A woman up ahead casually closed distance. She was decked from head to toe with a beekeeper-esque hat, Audrey Hepburn shades, long sleeves and polyester pants. Even her teacup black dog had a green and white striped sweater, its tongue hangin’ low and workin’ overtime in steady pant. As our paths intersected, she softly motioned her hand to the side of the trail to which she stepped, and the pup moved aside, too, in telepathic agreement. As it gazed up at me, squinty-eyed and adorable, I commented on its cuteness. The woman made a sound communicating slight amusement with a hint of delicate laughter, but didn’t speak, and I admired her confidence to nix small talk and go our ways. I’d instantly dubbed the duo’s clothing choice strange being it 82 degrees, yet these days, I took my judgements about as seriously as my hair. After all, she could’ve easily pegged me vagabond, strolling up with mixed magenta-gray galaxy patterned shorts (jaggedly cut from capris just before the hike), stain-blotted tank top and natural dreadlocks that looked like severe bed head.

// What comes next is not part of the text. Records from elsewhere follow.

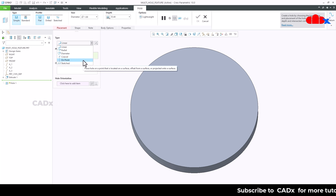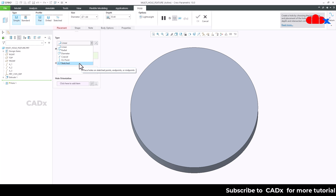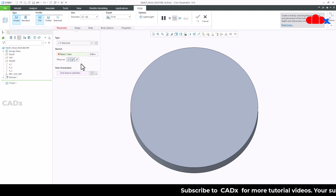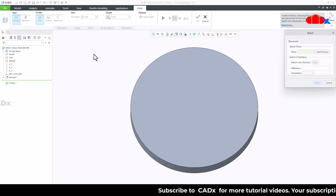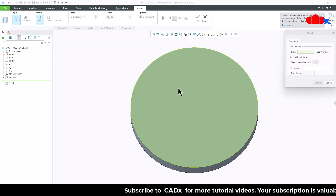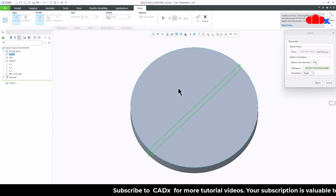From Creo 8, you have one more placement which is sketch placement. If you go for sketch placement, you can define a sketch to place multiple holes within one hole feature in Creo Parametric.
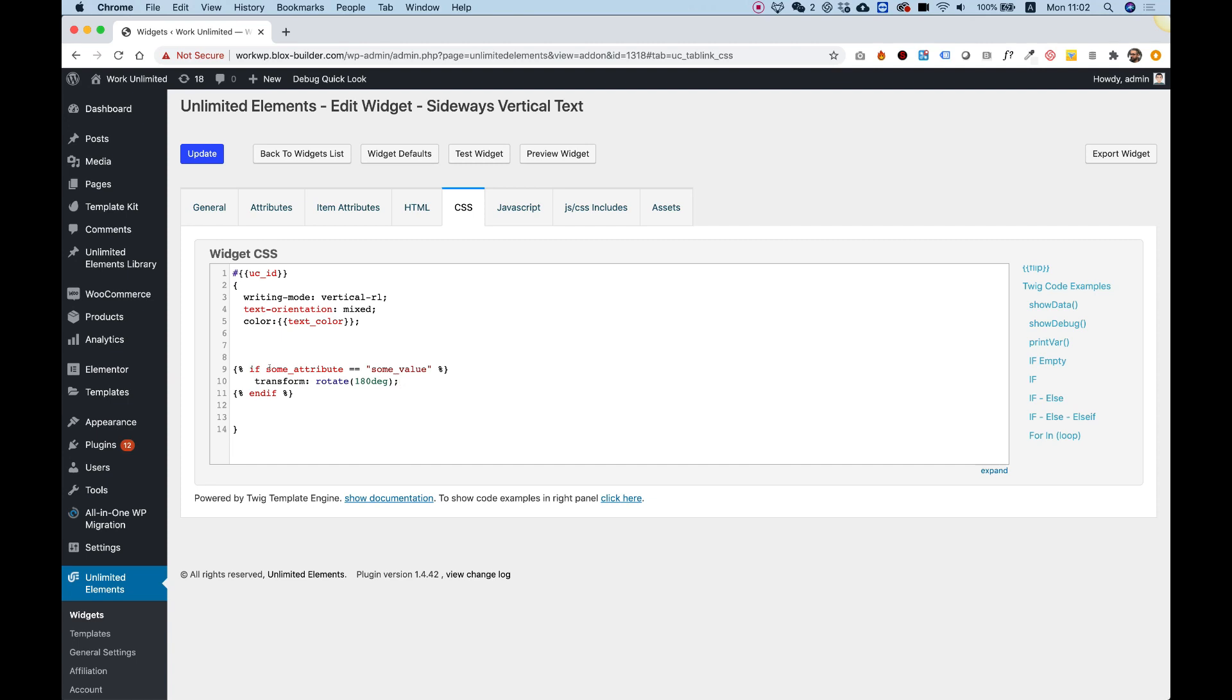It says if some attribute equals some value, then show this CSS.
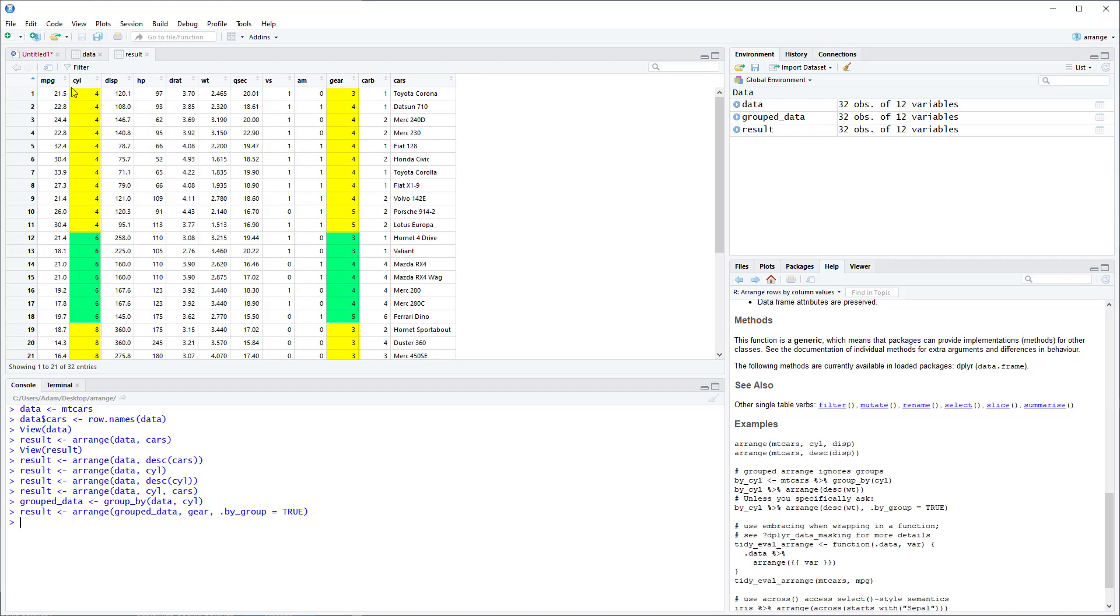So as you can see it has groups of Cylinder, and within each group it arranged gear from smallest to largest. And I only see this as useful if you already happen to have a group dataset. Because it's really just the same thing as adding multiple column names.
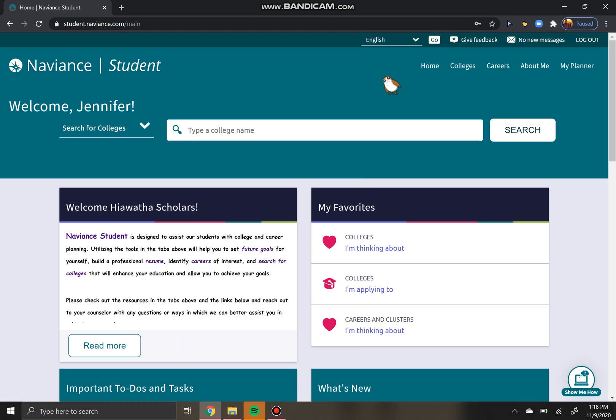First of all, it helps me identify which students need the most support. If I see that you've gotten a lot of acceptances, I know that you're ready to start having conversations about what your final decision is going to be. If I see that you haven't had many decisions yet, I know I need to reach out to you and we need to talk about following up with some of those colleges to see if you're missing any materials.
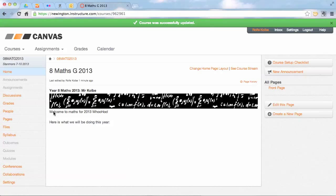So what I'm going to do now, just to finish up, I'm just going to add a couple of other pages into this area. So here you'll see over on the right is create a new page.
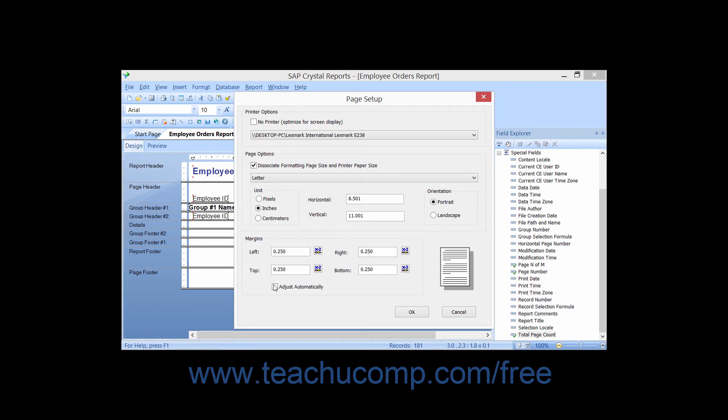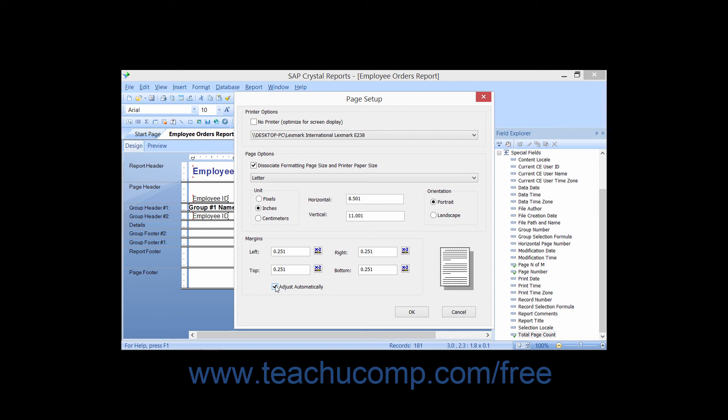If you check the Adjust Automatically checkbox, it will ensure that if the report is printed onto paper that isn't the same size as the paper that you designed it to be printed upon, the margins will automatically be adjusted so that the display is not warped. Instead, the excess space will be evenly distributed between the top, bottom, left and right margins.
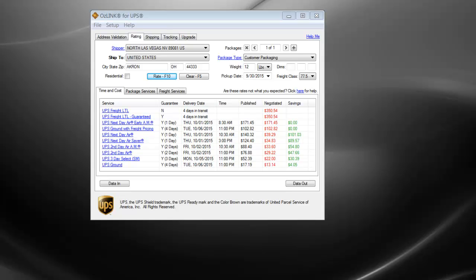The Results screen currently displayed shows all possible services available for this shipment. If your company doesn't utilize some of these services, they can be removed from the Rating Results screen.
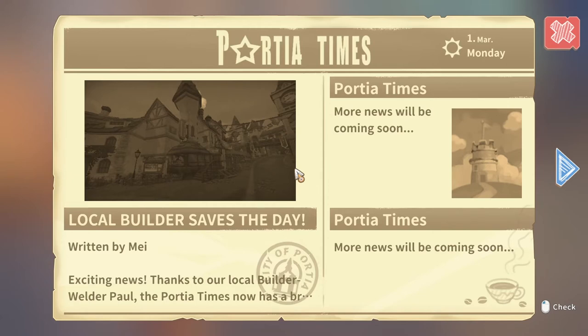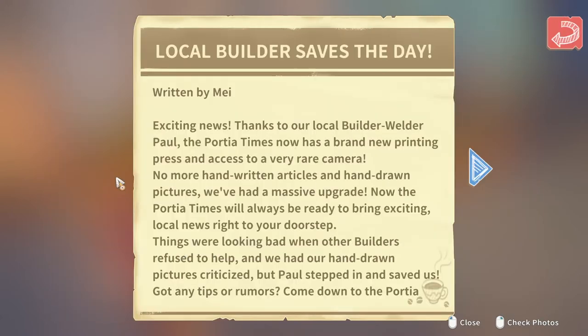In about two days you can find the article and all the photographs taken, but you won't be able to see them again afterwards.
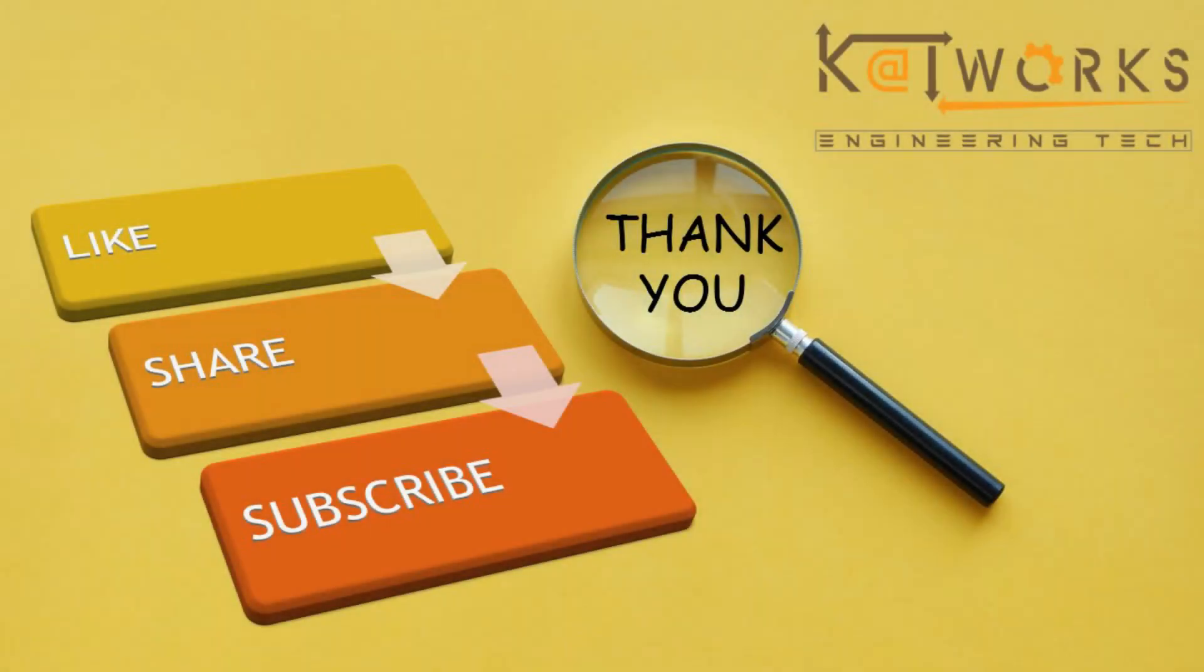Thank you for watching our video. If you like our video please share and subscribe to our channel for more videos and also follow us on Facebook, Twitter, and Instagram through the link given in the description. Thank you.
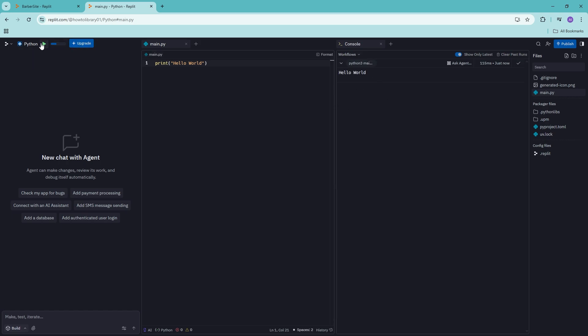So we can go ahead and click on this entry point once again, which will go ahead and run the main code and it will show us the output right here.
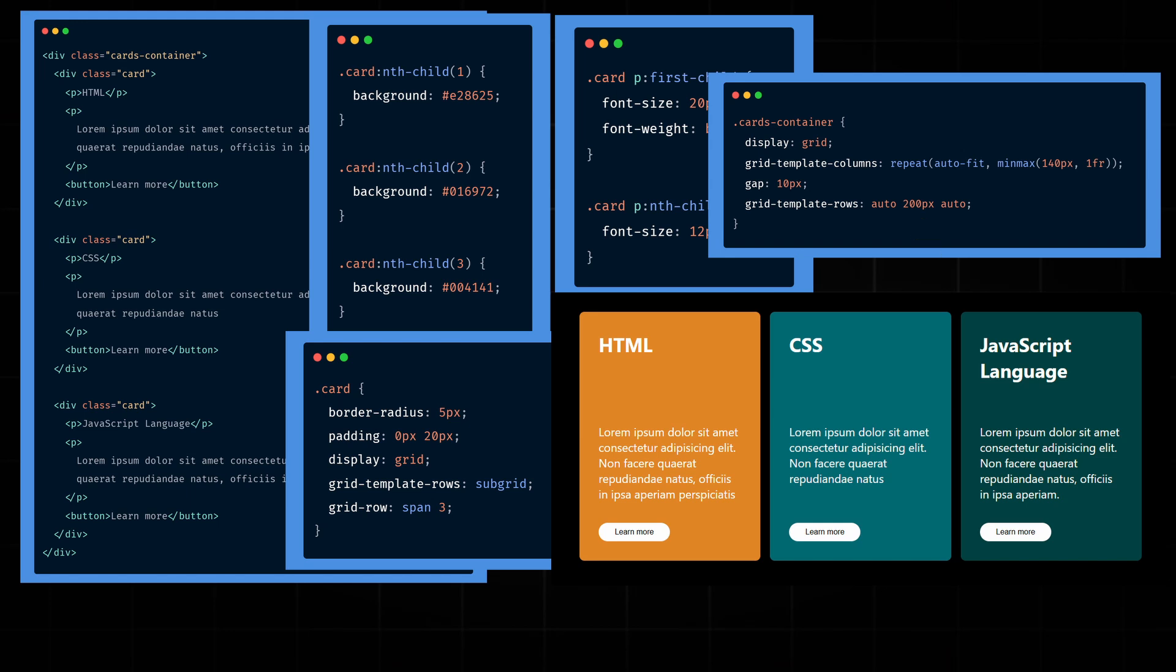SubGrid is a powerful CSS Grid feature that lets child elements align with their parents' grid tracks. To fully understand its potential, experiment with different layouts and nesting to see how it handles alignment.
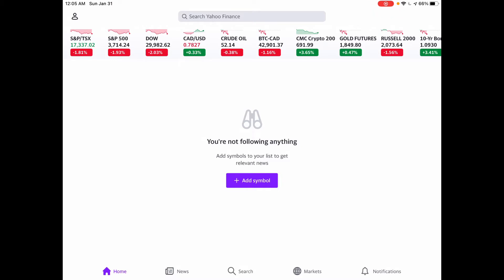Now the whole idea with setting price alerts is so you don't have to keep going back into the app to see what the price is of a particular company. It'll just simply notify you on your mobile device.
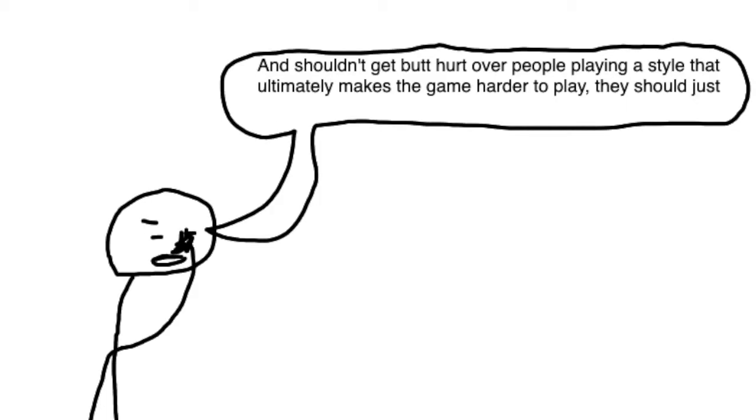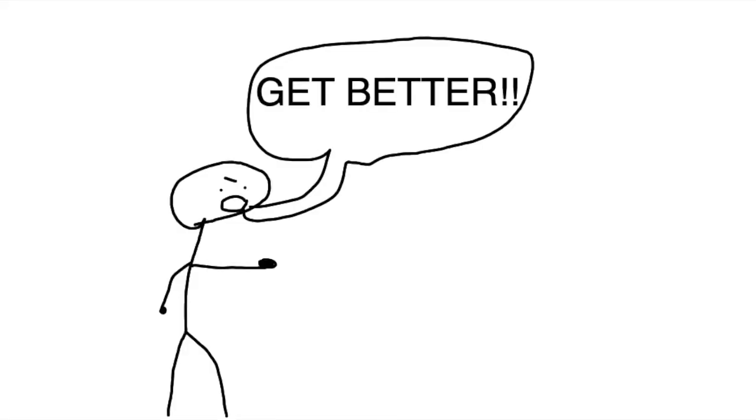And you shouldn't get butthurt over people playing a style that ultimately makes the game harder to play. You should just get better!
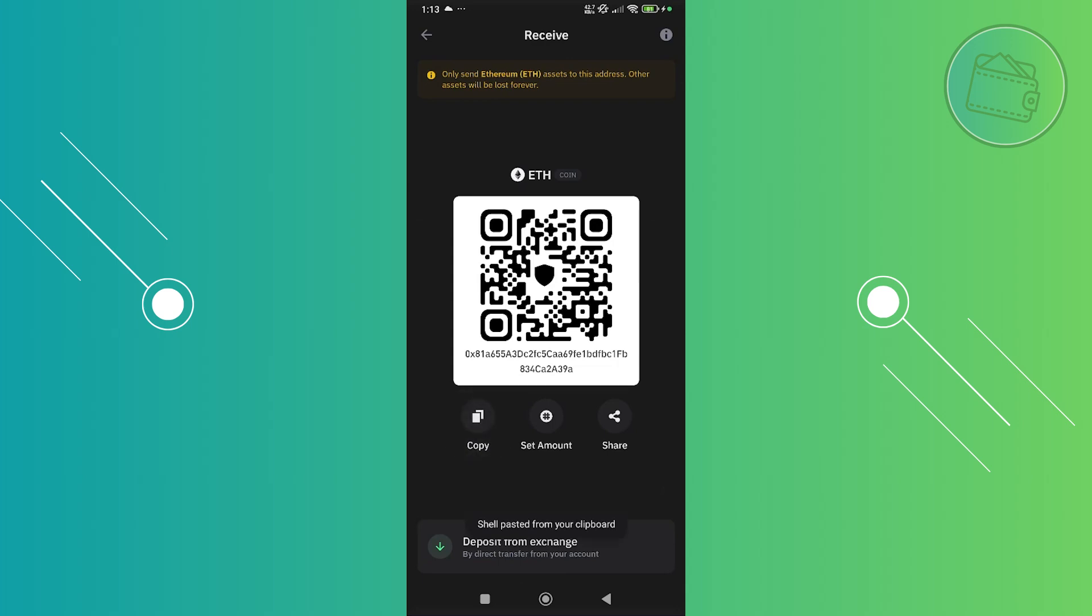By the way, it might notify you to only send Ethereum ETH assets to this address. If you want to send other addresses, like Bitcoin or any other crypto, make sure to choose the appropriate crypto here because if you try to send Bitcoin to this address, that specific crypto will be lost. So make sure you're sending ETH.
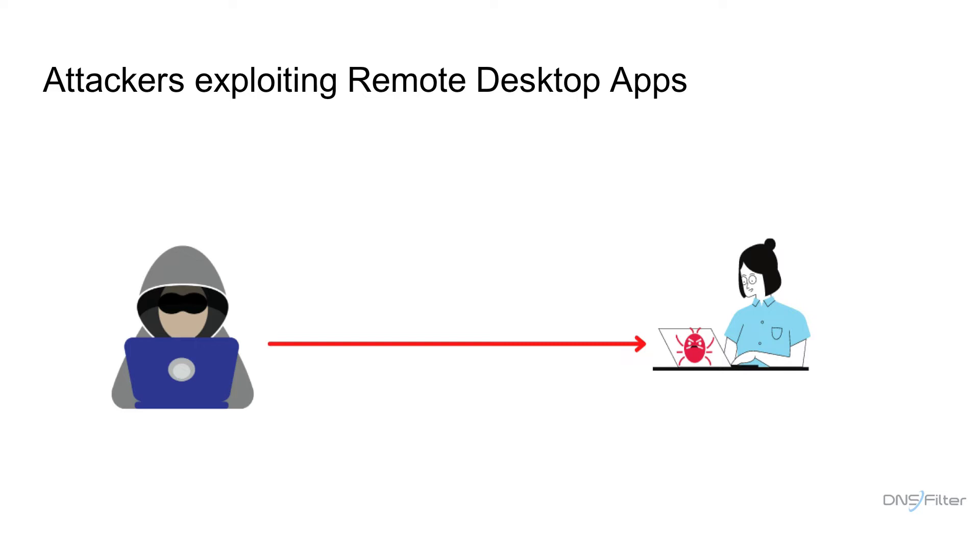In 2020, CrowdStrike reported a network breach that led to the download of the popular BabyShark malware. The series of steps in the attack included the exploitation of the TeamViewer remote desktop application.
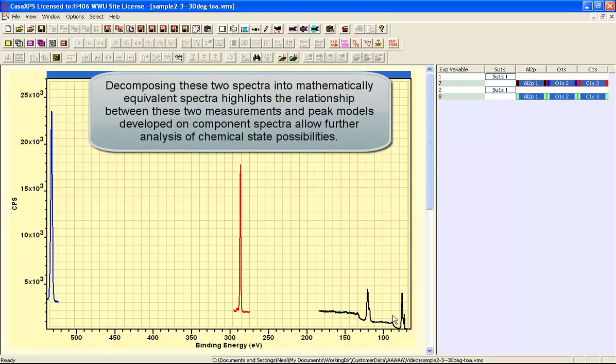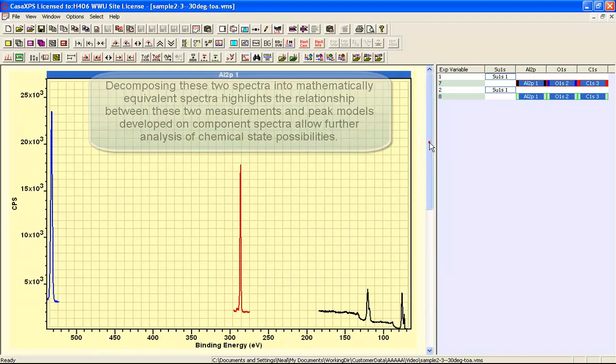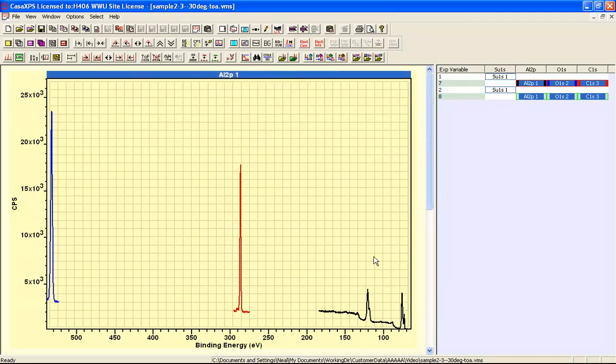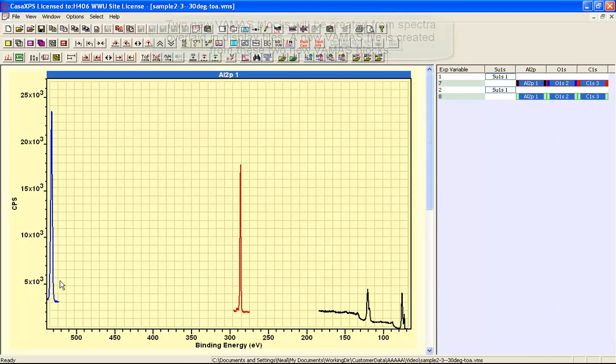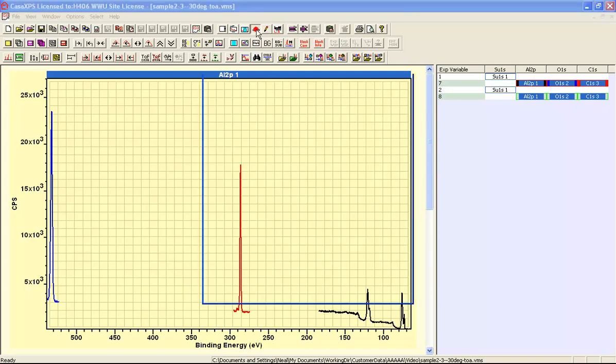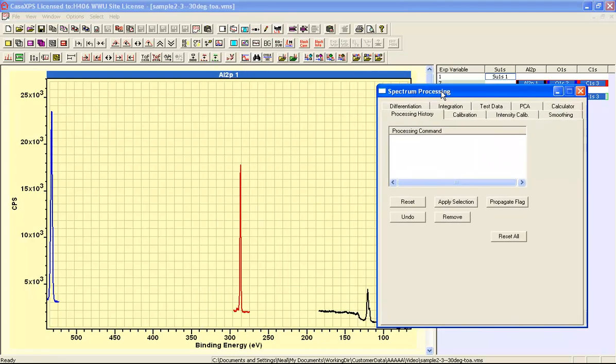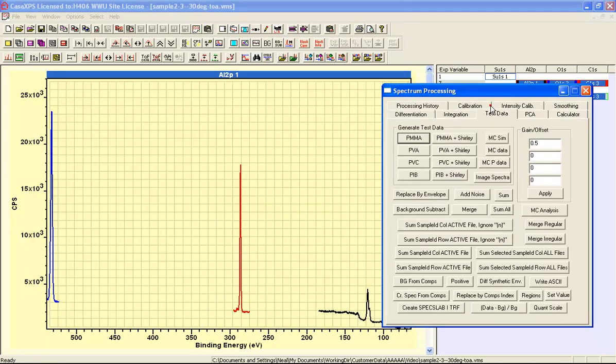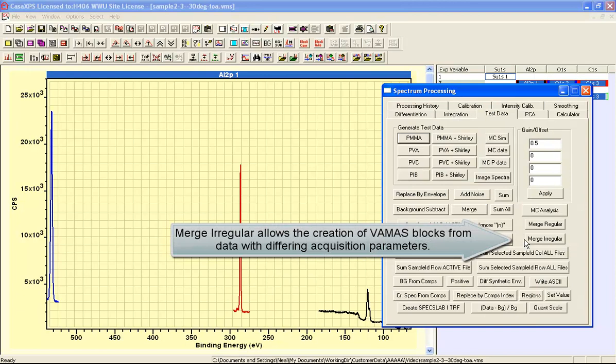So we overlay in each one of these display tiles a row of VAMAS blocks and these represent data that were acquired from the same sample. They are not necessarily acquired using the same conditions. For example, the energy step size for these aluminium data is not the same as the energy step size for the oxygen. So this is a set of data that will require an irregular dataset form in the VAMAS format.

The Las Vegas Strip stretched into view through a dip of rolling hills and I was alone again on the footpath. Merely miniatures on a horizon, I covered the spread of world-renowned hotel casinos in record time and curved into a snake bed of writhing trails. I thought of all the routes I could explore—up the peak shaped like an eagle beak, around the hill ripe with Joshua Trees or down around the base that connected back to the beginning trail from the opposite direction. I could follow the electric lines down the rocky bed that caught flash floods in summer. The layers of soft golden dirt coating the rocks were printed with tire tracks from maintenance trucks that kept civilization steady in this sandy outskirt.


But there was more world to see than the hills around Calico. It was time to fly with no answers, simply faith-laced dreams that held the promise of adventure. So I stayed the path and said goodbye to a piece of Vegas that meant the most. The open space where my spirit played with possibility and fear dissipated into knowing. At every stage, growing meant embracing the unknown, and now was my time for mental blindfold.


A few weeks prior, I felt an urge to sell my car. It was one of the last men standing when it came to practical possessions I highly valued. I was closer than ever to publishing my first book, leaving Vegas and being seen in big ways. Yet here I was, driving around with a trunk we hadn’t been able to open for months and the tense worry of financial tightness. I vacillated about selling Jan, who I’d nicknamed for her role as the reliable ship that safely sailed me through my tumultuous twenties.


Would I be giving up my freedom, or owning freedom of another kind?


Answers were delivered in glints of mini miracles that kept me on the carousel. A hummingbird hovering on my patio. Personalized license plates that seemed made for me. Dreamcatchers on dashes. A penny on the trail. Now all I could do, was follow the signs.


Signs weave a path of joy wherever we go, it’s just a matter of being tuned into their frequency.